What Rasmussen failed to mention was that in the event NATO collectively or a coalition of its main powers was to launch first strikes against nations to the east and south with conventional weapons, nuclear ones or a combination of both, an advanced phase interceptor system could prevent effective retaliation.
The NATO chief also said, "The missile threat to Europe is clear, and it is growing....Which means, to my mind, that we need to take on Alliance missile defence as a NATO mission."
Recent statements by Rasmussen, one of which has drawn the ire of Iran directly, would indicate from where the missile threat to Europe is alleged to emanate, but Rasmussen has no aversion to belaboring - or exaggerating - a point and added, "30 countries, including of course Iran, have or are developing missiles." To address the non-existent challenge to Europe Rasmussen announced that the foreign ministers in attendance would discuss "issues surrounding missile defence, including cost, command and control," and stated that at the bloc's summit in Lisbon, Portugal this November "NATO nations will decide whether or not it will to take on Alliance missile defence as a NATO mission."
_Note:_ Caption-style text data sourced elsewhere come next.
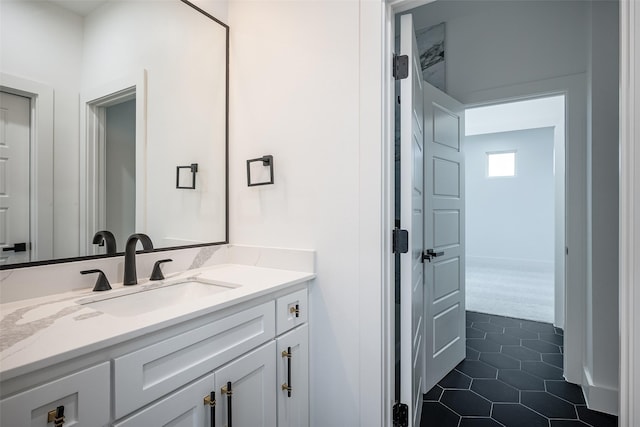 bathroom featuring tile patterned flooring and vanity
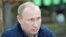 Russia's President Vladimir Putin meets with members of the Russian Geographical Society's expedition on the Gogland Island in the Gulf of Finland in the Baltic Sea, July 15, 2013. 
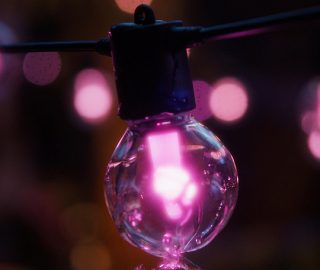 A Philips Hue Festavia outdoor globe string light glowing in pink. 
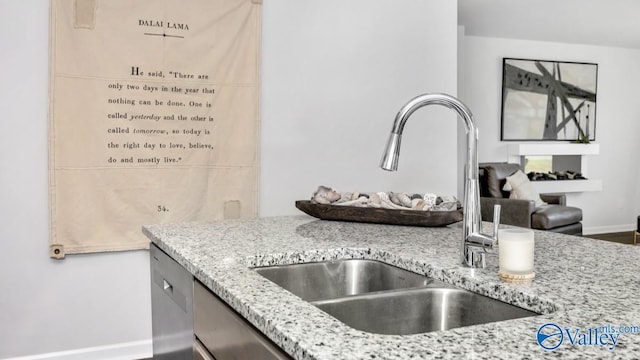 18882 Wicklow Cir, Athens, AL 35613 - kitchen with a sink, light stone counters, baseboards, and stainless steel dishwasher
After the end of the Cold War and the breakup of the Soviet Union in 1991, NATO ordinarily held a summit every third year in the 1990s and every second year from 1999 to 2008. But this year's summit will be the third of what have become annual events: Romania in 2008, France and Germany in 2009, and Portugal this year.
The last will be the first NATO summit held entirely in a founding member state since the fiftieth anniversary one in Washington, DC in 1999.
Not only the increased frequency (the Alliance has never before in its 61-year history conducted summits in three successive years), but the locations of the summits reveal the intensification of NATO activity and its steady drive to the east over the last decade. In the ten years between the Washington and last year's Strasbourg, France-Kehl, Germany summits, every one was held in Eastern Europe: In the Czech Republic in 2002, Turkey in 2004, Latvia in 2006 and Romania in 2008.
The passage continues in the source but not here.